Ethan Basch
Ethan Basch, MD, MSc, director of cancer outcomes research at the University of North Carolina’s Lineberger Comprehensive Cancer Center.

As reported to Chris Pirschel by Ethan Basch, MD, MSc

Patients know their own experiences best. Evidence has shown that providers are unaware of about half of patients’ symptoms during cancer care. When patients directly report their symptoms using online questionnaires, it can help close this gap in communication. Bringing the patient voice into practice using patient-reported outcomes (PROs) can not only make us aware of their symptoms—enabling earlier interventions—but can also make care delivery more patient-centered.

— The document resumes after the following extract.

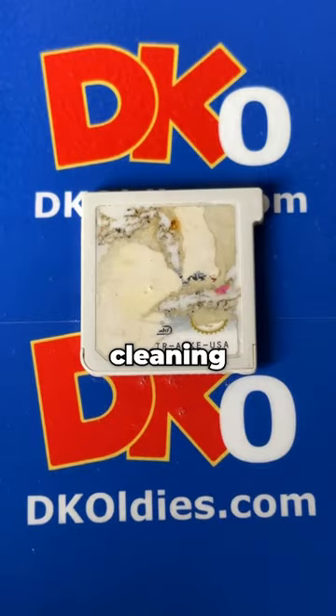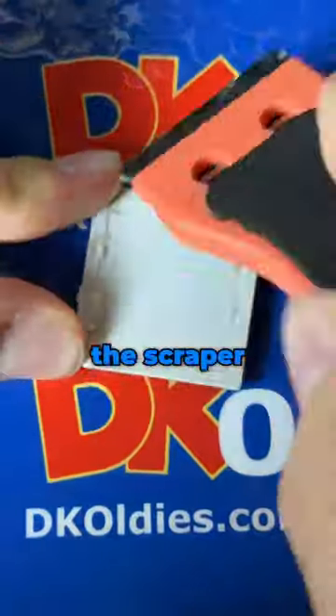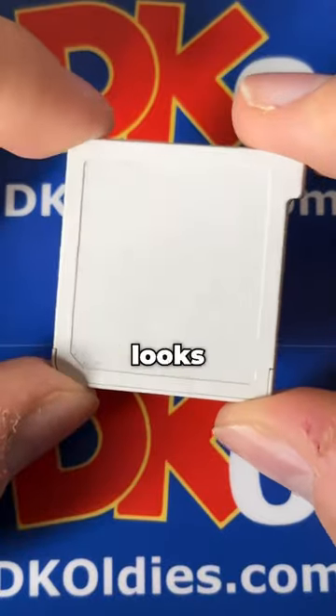Let's find out what this game is. We'll start by cleaning it up — spray a little cleaning solution and get rid of that gross label using the scraper. Then we'll dry it off, and wow, it looks a lot cleaner now.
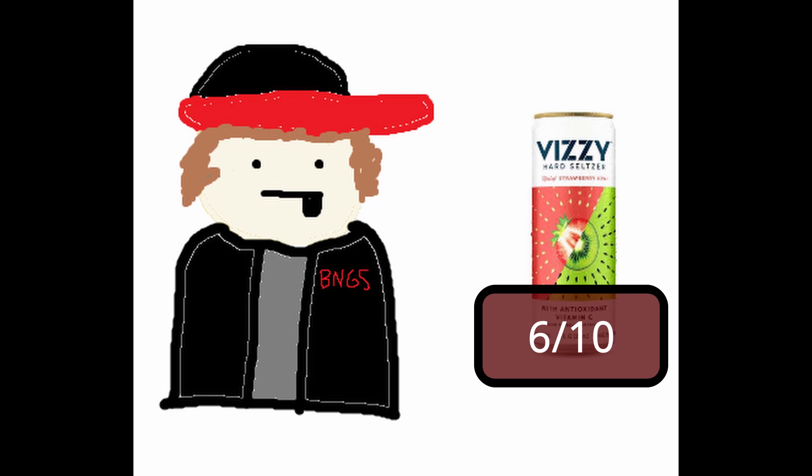These, however, do taste like the flavor — it's just a little watered down. And definitely, even though I gave this a six out of ten, these are a better option than a White Claw. Like if you see these and White Claws, definitely buy these instead.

At the annual American Society of Clinical Oncology meeting in June 2017, colleagues and I presented results of a randomized controlled trial comparing a PRO intervention versus usual care. Patients with metastatic cancers who were receiving chemotherapy who were assigned to the PRO intervention were given access to an online system to report 12 common symptoms weekly from home and at clinic visits via tablet computers. Whenever a severe or worsening symptom was reported, a patient’s oncology nurse received an email alert. Upon each patient’s visit to the clinic, a full longitudinal symptom report was generated for oncologists and nurses to review.

We found that most patients were willing to self-report their symptoms at any given time, and oncology nurses responded to most alerts by counseling patients and providing supportive medications. Compared to usual care, 31% of patients in the self-reporting group experienced significantly better quality of life. Emergency department visits reduced a statistically significant 7%, and patients tolerated chemotherapy for an additional two months on average—likely because their symptoms were caught early before worsening.

These factors may account for the most striking finding: compared to traditional care, patients in the self-reporting portion of the trial had a five-month increase in median overall survival. We also found that 8% more patients were alive at the five-year mark in the self-reporting group compared to those who received usual care.

Although the idea of collecting symptoms directly from patients is a simple one, implementing it in practice is complex. There are two main barriers: electronic health record systems and current symptom management workflow. To successfully implement a PRO program, both issues must be addressed. Numerous logistical decisions must be made, such as which symptoms to collect and what system to use for data collection (such as patient portal, web, or paper). Moreover, it is important to designate from where PROs should be reported—from home, in-clinic, or both—and we need to understand how these data should be conveyed to clinicians.

The International Society for Quality of Life has a useful guide with advice about how to address each of these areas. Because the decisions span the continuum of care and require modifications to information systems and workflow, interdisciplinary collaboration between oncology nurses, physicians, and administrators is necessary for a successful implementation.

Ethan Basch, MD, MSc, is the director of cancer outcomes research at the University of North Carolina’s Lineberger Comprehensive Cancer Center in Chapel Hill.